Public

Verdict Validator

Every reproduction verdict ships through the Verdict Validator before it lands in the database. The validator is the answer to a real failure: on 2026-05-13 we retracted 7 WRONG verdicts that turned out to be false positives caused by drivers that made-up, mis-cited, or category-confused the paper headline they were comparing against. The validator was built so this cannot happen the same way again.

What the validator does

  1. C1 — Structural gate. Every driver must declare a typed claim citation: Table N, row X, column Y, reported value V plus the literal quoted text and PDF page number. Drivers that don't measure the paper's exact protocol must declare protocol_match = "proxy" (microslice eval, community fine-tune, etc.) or "unknown" (measuring a metric the paper doesn't report). Only "exact" drivers can publish a public WRONG.
  2. C2 — Textual gate. The validator fetches the cited paper's PDF, extracts text with pdfjs-dist, and verifies that the cited quoted text appears within ±200 characters of the cited reported value. Citations that don't match the PDF — made-up, mis-cited, or category-confused — are rejected at C2.
  3. Never upgrades. The validator can only downgrade. A driver that proposes not_reproduced with a non-exact protocol gets downgraded to partial (or pending for unknown protocols). It never goes the other way.

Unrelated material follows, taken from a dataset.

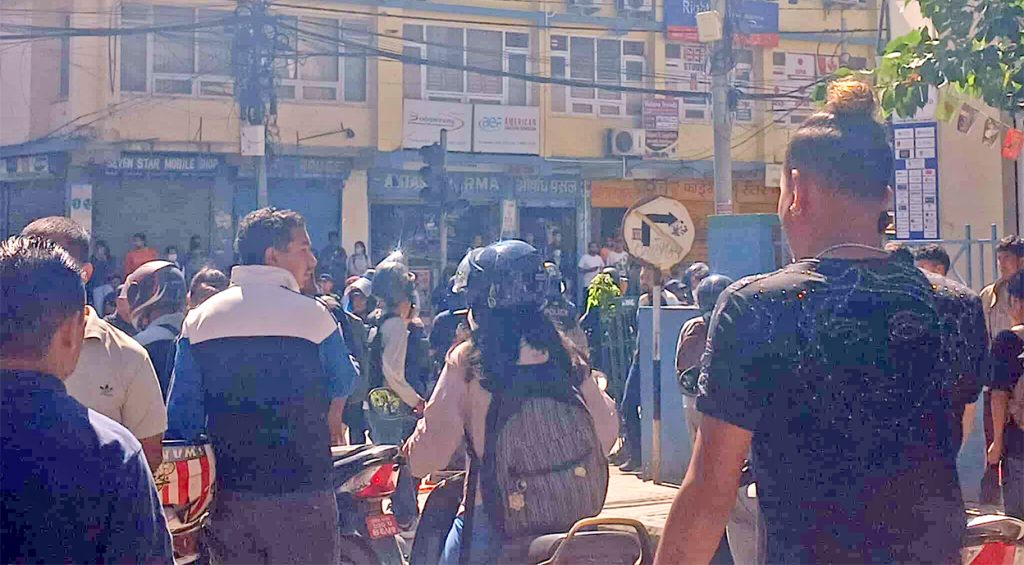 पुतलीसडकमा माइक्रो बसको ठक्करबाट बालिकाको मृत्यु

See src/lib/verdict-validator.ts and src/lib/claim-citation.ts for the implementation. The 7-WRONG retraction post-mortem lives at docs/red-team/2026-05-13-summary.md.

Live numbers

Counts below are live queries against the production database — every verdict currently visible on the platform.

Current POST verdicts
55
all kinds, is_current=true
With claim citation
90.9%
50 of 55
Public WRONG verdicts
0
zero since validator landed
False positives retracted
7
all on 2026-05-13

Protocol-match breakdown

A driver's protocol-match tier tells you how close the reproduction is to the paper's exact protocol. Only exact can publish a public WRONG.

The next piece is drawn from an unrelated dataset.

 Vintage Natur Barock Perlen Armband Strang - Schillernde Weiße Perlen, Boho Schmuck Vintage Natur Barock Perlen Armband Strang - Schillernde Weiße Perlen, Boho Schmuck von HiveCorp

TierVerdictsShareCan publish WRONG?
exact35.5%Yes — gated by C2.
proxy3461.8%No — auto-downgraded to PARTIAL.
unknown1323.6%No — auto-downgraded to PENDING.
59.1%Pre-validator rows (legacy / not_attempted-only drivers).

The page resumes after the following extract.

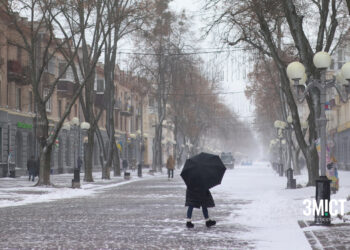 Сніг та ожеледиця: погода на Полтавщині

Recent verdicts gated by the validator

What the validator prevents

The 2026-05-13 red-team rollup identified 7 then-public WRONG verdicts as false positives. Every one was a citation problem — the paper headline the driver was comparing against was wrong (made-up, mis-cited Table, mis-cited row, or a category that the paper doesn't even report). The full audit lives at /legal/retractions. The validator's C1 and C2 gates are how the platform self- corrected: a driver cannot publish a WRONG today without a structurally-typed citation that has been verified against the actual PDF.

Three sibling surfaces complete the self-correction quadrant: /anchors (runtime drift probe across the execution stack), /legal/retractions (historical false positives, append-only log), and /skipped (refusal transparency — papers paperiswrong deliberately did not reproduce).

For developers

Every reproduction driver under scripts/run-reproduction-*.ts is required by a CI lint (tests/unit/scripts/validator-wiring-lint.test.ts) to wire the validator. Adding a new driver without a citation fails the build. Drivers that legitimately never publish a non-not_attempted verdict (closed-weights papers, retracted reproductions, image generation) are on an explicit allowlist with a written justification.

The public API exposes the citation and protocol-match columns on every verdict at /api/v1/verdicts and /api/v1/papers/:arxivId. The on-page ClaimCitationCard renders the same data inline with every verdict on /p/[arxivId].